(Items listed in a dataset)

# # #

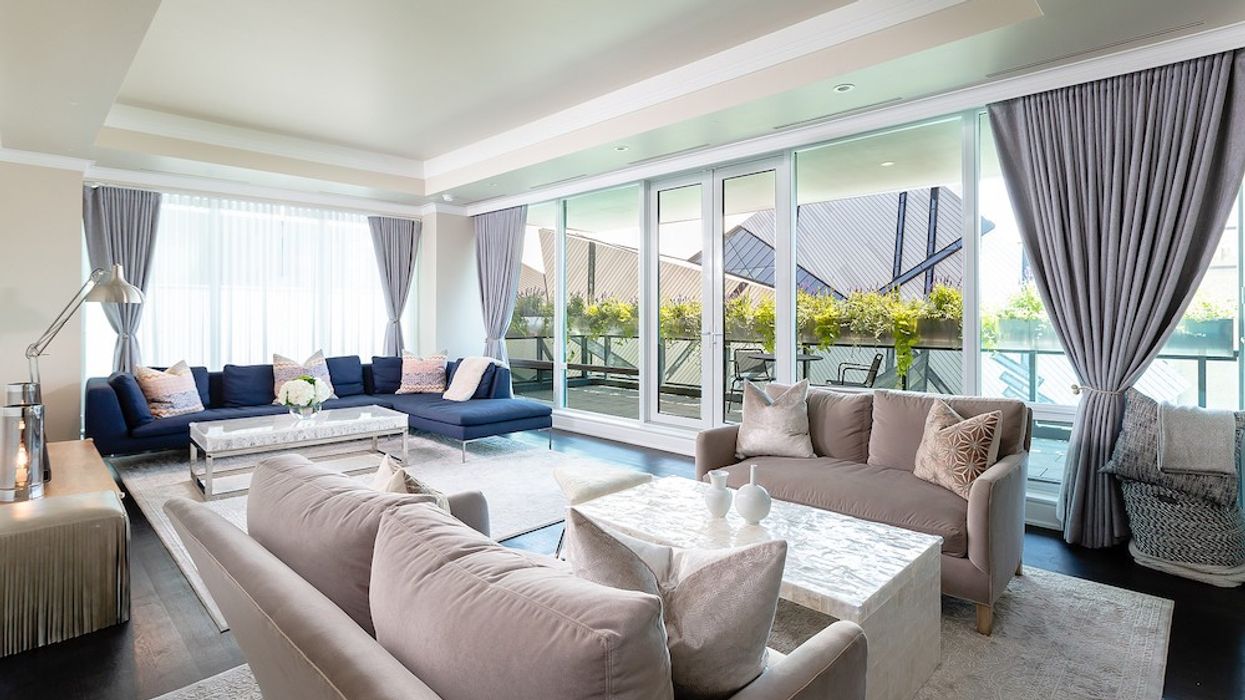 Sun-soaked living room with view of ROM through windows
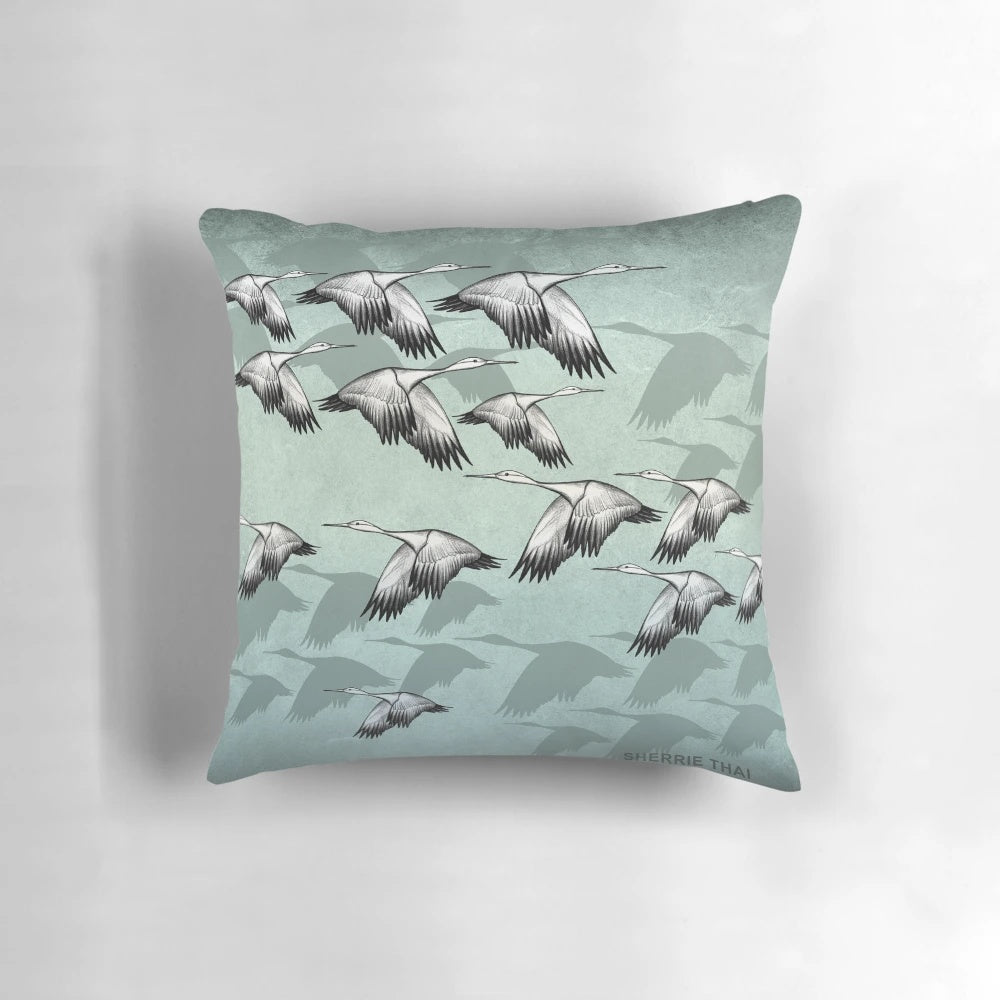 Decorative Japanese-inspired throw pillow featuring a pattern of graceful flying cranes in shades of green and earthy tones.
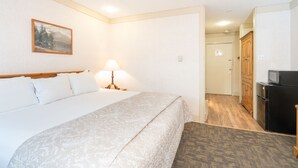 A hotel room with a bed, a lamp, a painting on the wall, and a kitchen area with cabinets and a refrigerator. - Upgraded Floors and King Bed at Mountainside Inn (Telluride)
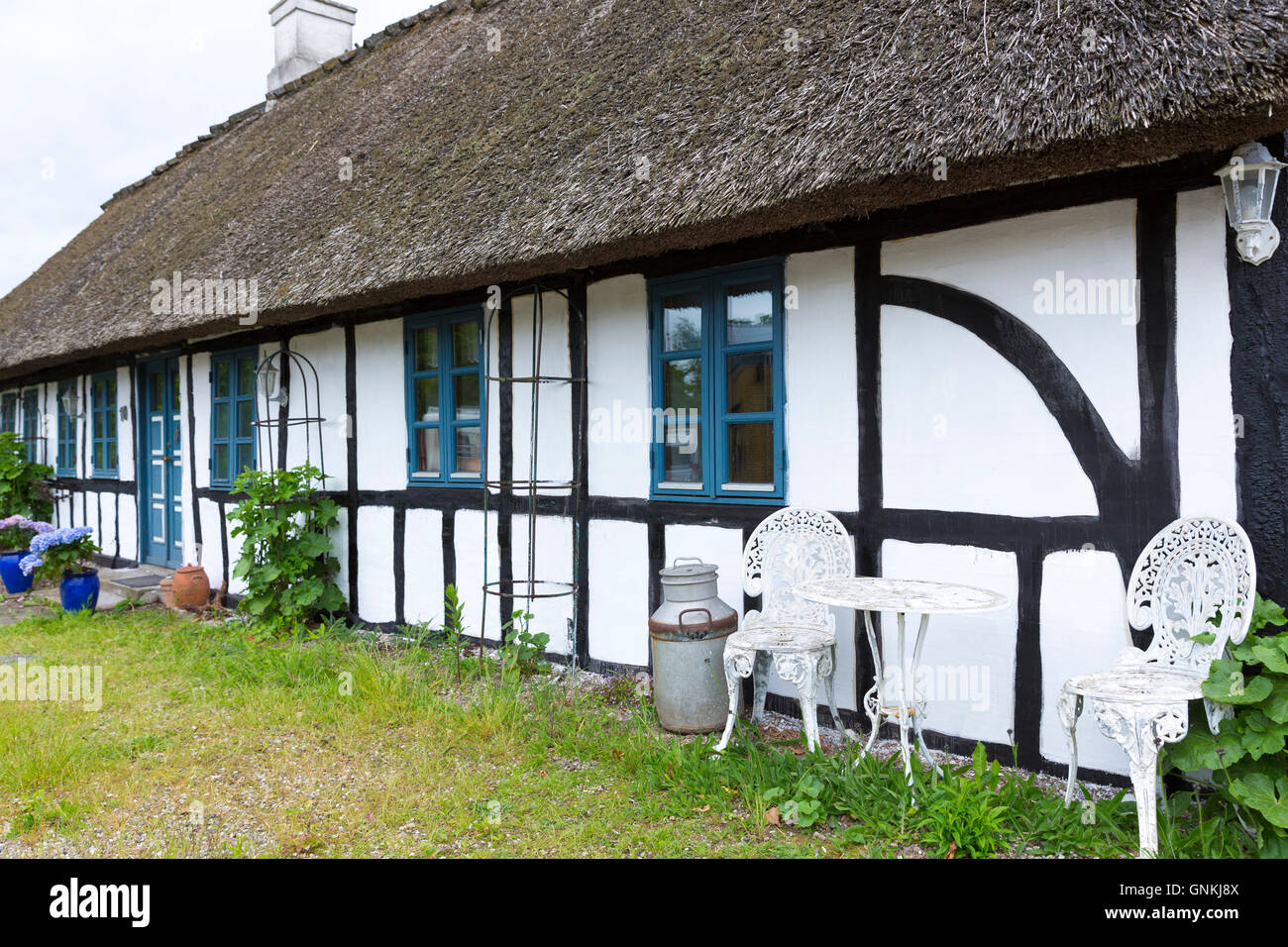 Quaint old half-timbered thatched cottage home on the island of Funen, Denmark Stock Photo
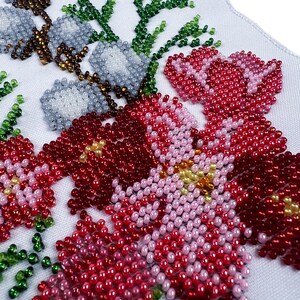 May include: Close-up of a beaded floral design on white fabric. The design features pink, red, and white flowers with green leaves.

# # #

Only the lines from the line with "Quaint old half-timbered" through the end of the records belong in your copy. Repeat them exactly, without pictures.

Solution below:
 Quaint old half-timbered thatched cottage home on the island of Funen, Denmark Stock Photo
 May include: Close-up of a beaded floral design on white fabric. The design features pink, red, and white flowers with green leaves.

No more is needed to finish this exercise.